You’d think a mediocre experience like that might make me wander off to another author, at least for a while, but no! I’m obsessed and insatiable. So, before I even finished Falling Man, I ran off to Barnes & Noble and bought a copy of Mao II, which I thought was supposed to be a historical novel, which explains why I hadn’t read it already. This one is fantastic, a relatively close second to my beloved White Noise. It’s about a reclusive writer, his assistant, his assistant’s girlfriend, and a photographer who takes photos of writers. And Beirut. And a few other things. It’s incredibly DeLillo in all of his listing, sometimes flat ways. I loved every second of it. A couple quotes:
Sitting for a picture is morbid business. A portrait doesn’t begin to mean anything until the subject is dead. This is the whole point. We’re doing this to create a kind of sentimental past for people in the decades to come. It’s their past, their history we’re inventing here. And it’s not how I look now that matters. It’s how I’ll look in twenty-five years as clothing and faces change, as photographs change. The deeper I pass into death, the more powerful my picture becomes. Isn’t this why picture-taking is so ceremonial? It’s like a wake. And I’m the actor made up for the laying-out.
And
The novel used to feed our search for meaning…It was the great secular transcendence. The Latin mass of language, character, occasional new truth. But our desperation has led us toward something larger and darker. So we turn to the news, which provides an unremitting mood of catastrophe. This is where we find emotional experience not available elsewhere. We don’t need the novel…We don’t even need catastrophes, necessarily. We only need reports and predictions and warnings.
I’ve stopped writing in books and started putting little post-it notes over paragraphs that stick out of the side of the book just enough to be detected. I don’t know where this aversion to writing came from, but it started last semester in a modern fiction class when I was reading White Noise. I just couldn’t bring myself to write in it. I don’t think I’ve ever written in a DeLillo book, which is strange because I tend to write everywhere. I’ve even been known to pencil notes into the margins of library books, and I sometimes forget to erase them. But that’s neither here nor there.
Speaking of the library. Just after I finished Mao II, I shut down the Writing Cave for a few minutes to run to the library and pick up Libra. They also had The Names, so I grabbed that one too. I couldn’t decide which to read first, so I chose the former since that was the original plan. They’re both historical novels, and I’m already having a hard time reading Libra, which almost immediately involves CIA and Cuba and other Historical and Political Things I Don’t Really Care About. But it sounds like DeLillo, and, I think, in the end, that’s all that really matters.

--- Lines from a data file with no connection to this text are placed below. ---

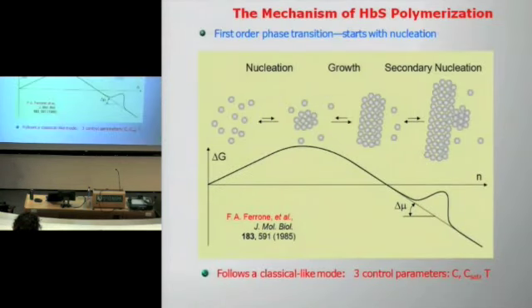We are not the first to study the process of polymerization. Many years ago, somewhere in the 1980s, it was discovered that the polymerization is a first-order phase transition. It starts with nucleation, where a small cluster of the polymer forms which carries all the structural properties of the large fiber, and then this fiber grows. It was also found that secondary fibers nucleate on top of existing ones — that is why this was called the double nucleation mechanism.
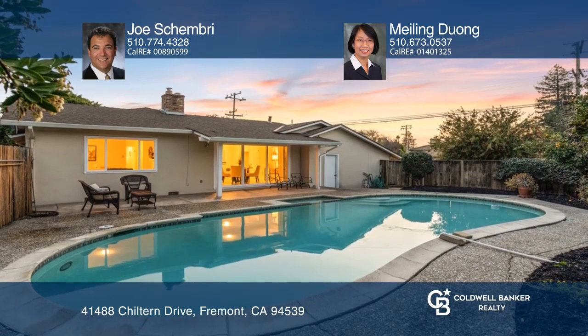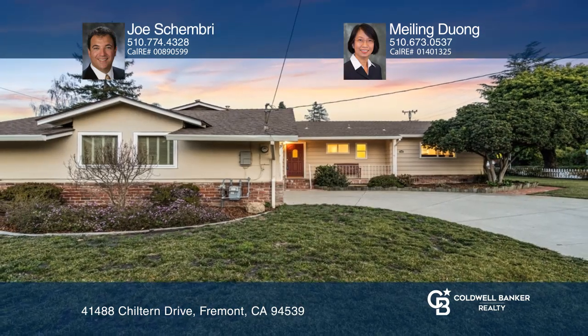Feel that this is the property for you? Contact Joe Shembry and Mei-Ling Duong to see how to make it yours.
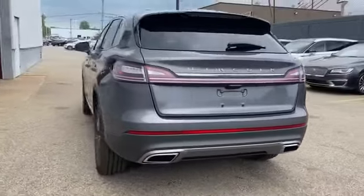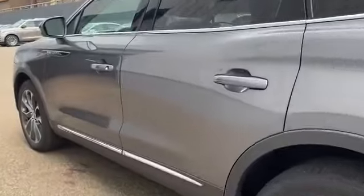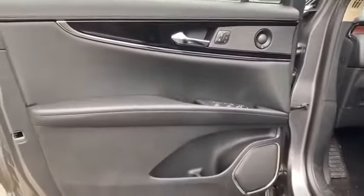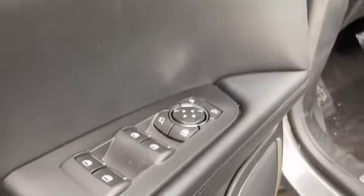Auto dimming rear view mirror, aluminum wheels, passenger side airbag sensor, adjustable steering wheel, traction control, universal garage door opener, power side view mirrors, variable speed intermittent wipers, alarm system, air conditioning, and ABS.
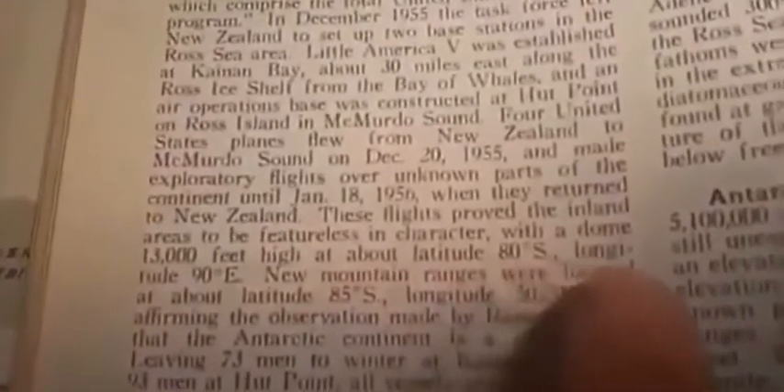We're going to flip to the Antarctica and see what the Encyclopedia Britannica from 1958, before the Antarctic Treaty, says is there. You won't find this in the new encyclopedias because the governments banned them, but what I want you to notice right here is — notice how it says: the flights proved inland areas to be featureless in character with a dome 13,000 feet high at about latitude 80 degrees south, longitude 90 degrees east.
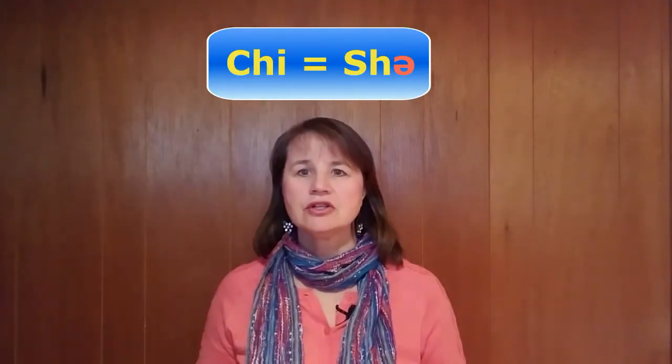In addition, make sure that the first syllable is pronounced as a schwa or short I sound. It should be SH. SH.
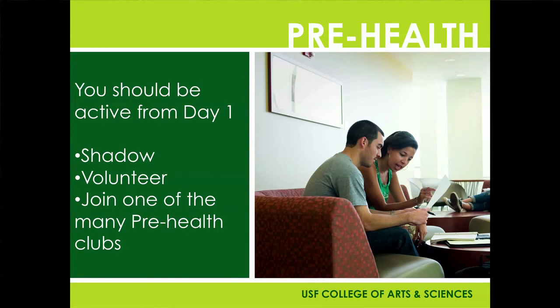Again, welcome to university, and we look forward to seeing you as our future doctors and dentists. Go Bulls!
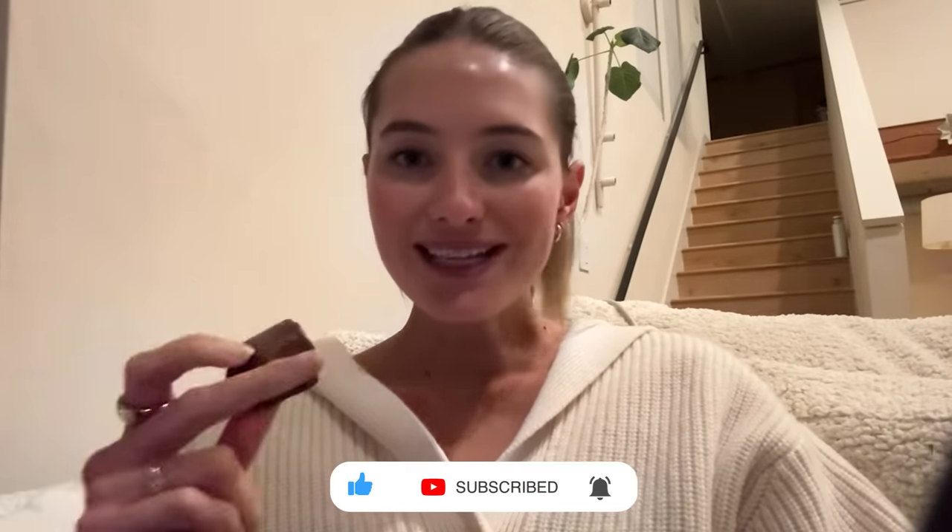I hope you guys enjoyed today's video! Don't forget to subscribe and like — your support means so much. I hope to see you very soon. Love you!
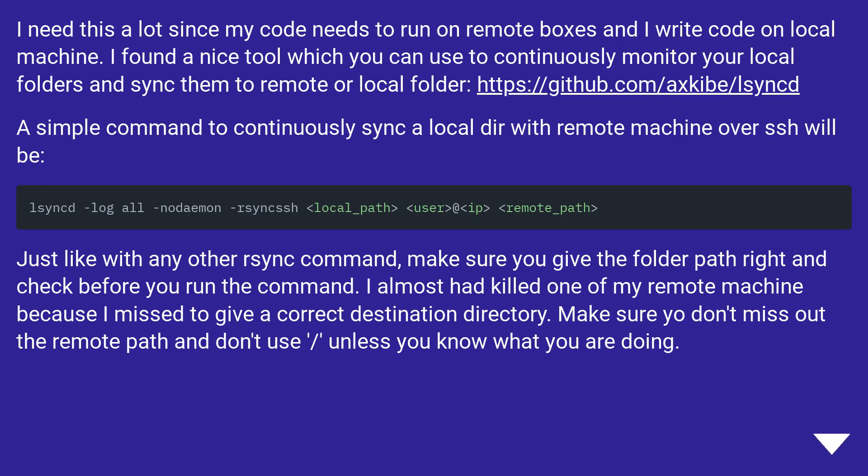I need this a lot since my code needs to run on remote boxes and I write code on a local machine. I found a nice tool which you can use to continuously monitor your local folders and sync them to a remote or local folder. A simple command to continuously sync a local directory with a remote machine over SSH is available. Just like with any other sync command, make sure you give the folder path right and check before you run the command. I almost killed one of my remote machines because I missed giving a correct destination directory. Make sure you don't miss out the remote path and don't use slash unless you know what you are doing.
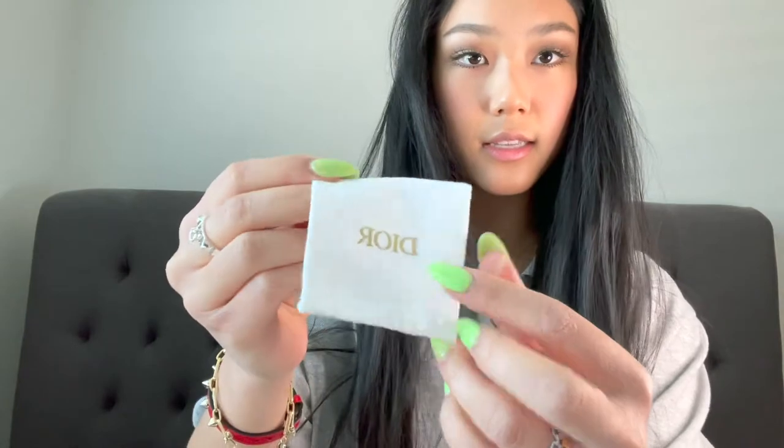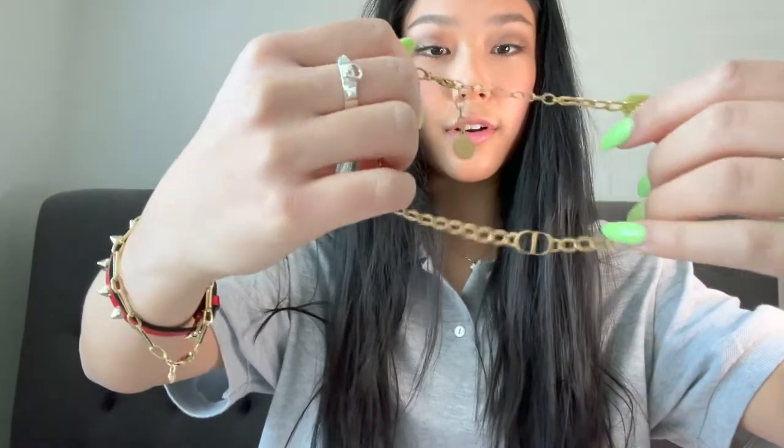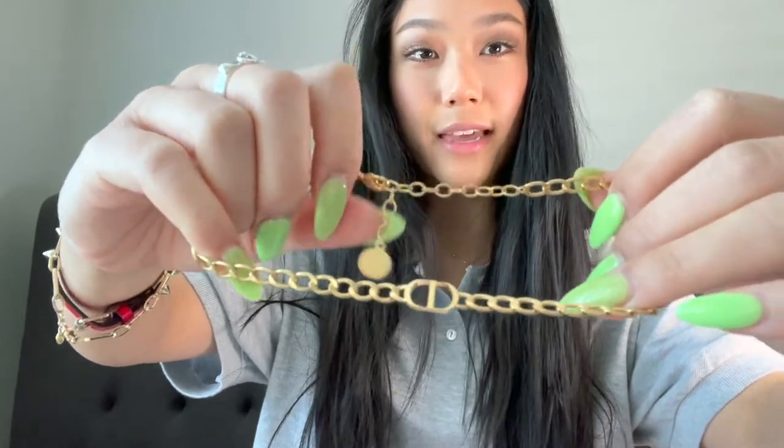Here we go — taking the lid off the box. Inside there's a tag and some tissue paper. And here it is: the petite CD choker necklace. As you can see it's shorter because it's meant to be worn as a choker. I've been wanting one of the Dior choker necklaces for a very long time, and this one is actually new — one of the newer pieces that just came out. I really like it because it's daintier.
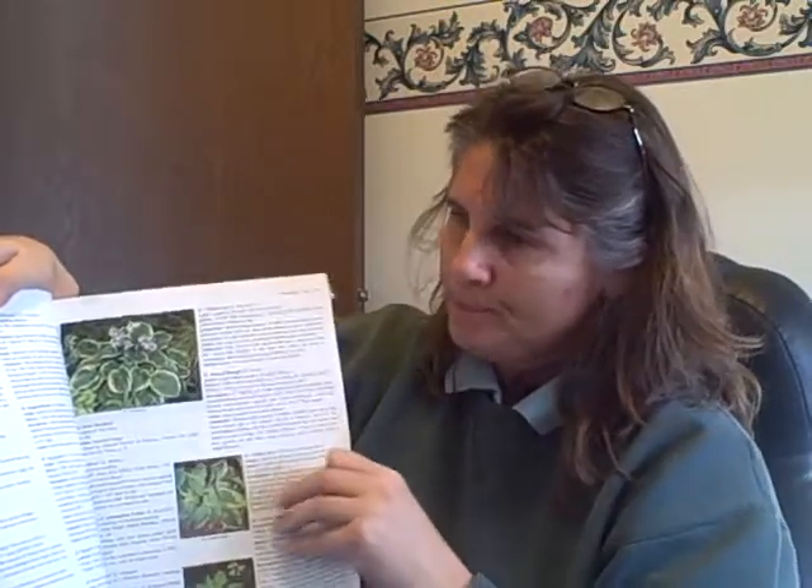This was written by Mark Zillis — all the hostas that he's been around in the last 30 years, I believe. It's something you might want to get at one point.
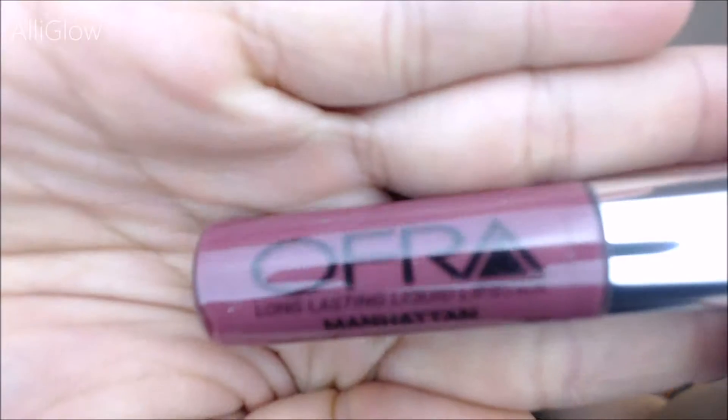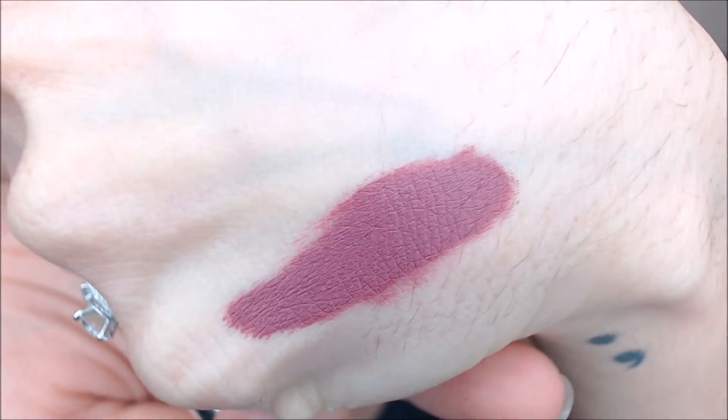The next product is this lippy product. I'm so excited. I got an Ofra Long Lasting Liquid Lipstick in Manhattan. I did mention I heard about BoxyCharm through Kathleen Lights and Manny MUA — both of them actually collabed with Ofra to make their own liquid lipstick. I've been wanting to try an Ofra Liquid Lipstick because everyone says really great things about it. This is a really pretty color. Let's swatch it — that's a beautiful color! This is full size and it goes for $19.90.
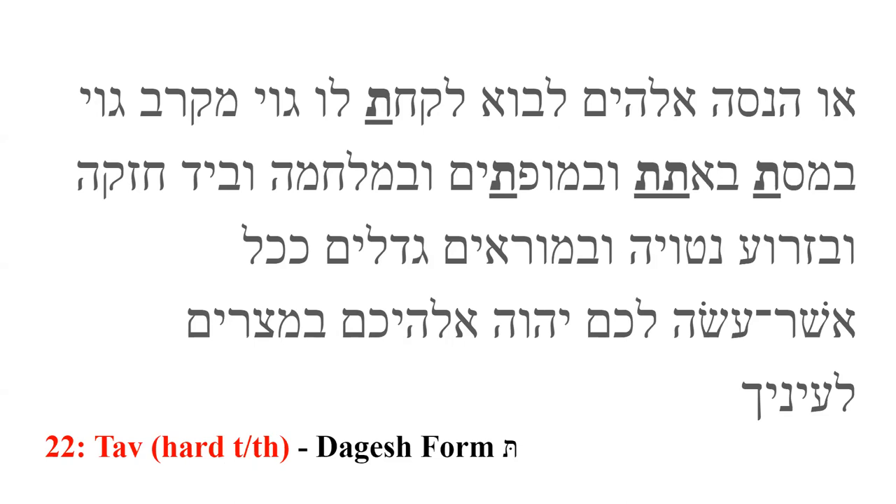Tav is the twenty-second and last letter of the Hebrew alphabet. In contrast to tet, it produces a hard T sound, as in 'tank,' when it has the dagesh. When it doesn't, it can take a softer TH sound, as in 'thought.' However, in practice, Tav sounds like a hard T with or without the dagesh.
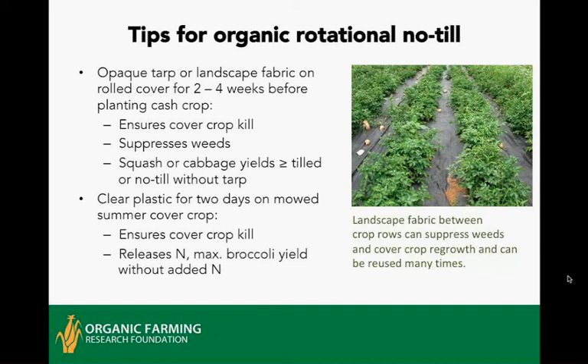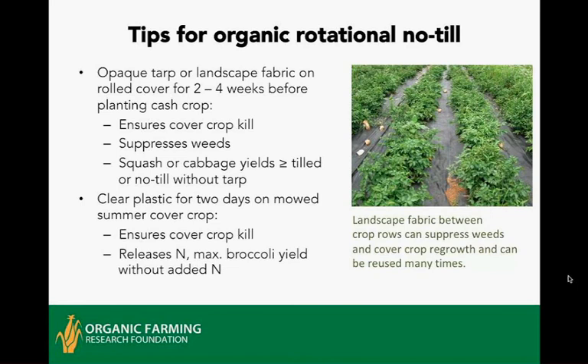Another option is to use an opaque tarp or landscape fabric on top of a rolled cover crop just for a couple of weeks before planting the cash crop. This ensures cover crop kill and suppresses weeds, giving a longer weed-free period. A study in New York or New England found that no-till with tarp gave squash and cabbage yields greater than or equal to tilled organic, and definitely greater than no-till without the tarp. A grower in Virginia named Anthony Flaccavento used clear plastic after terminating a mature summer cover crop of pearl millet and cowpea for just two days — in the summer heat, that killed all plant crowns and weeds — then planted broccoli and got maximum yield without adding nitrogen.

ALSO: As a brief interlude between novels, I read a lovely short story DeLillo wrote called “Midnight in Dostoyevsky” that was published in last November 30’s issue of The New Yorker. It’s about two college boys who basically make up the life of an old man they see walking on the street nearly every day, kind of like the game Grady Tripp and Terry Crabtree play with Vernon in Wonder Boys. (As a side note, can you imagine if DeLillo had written Wonder Boys? It would have been even more fantastic. Seems like his kind of novel.)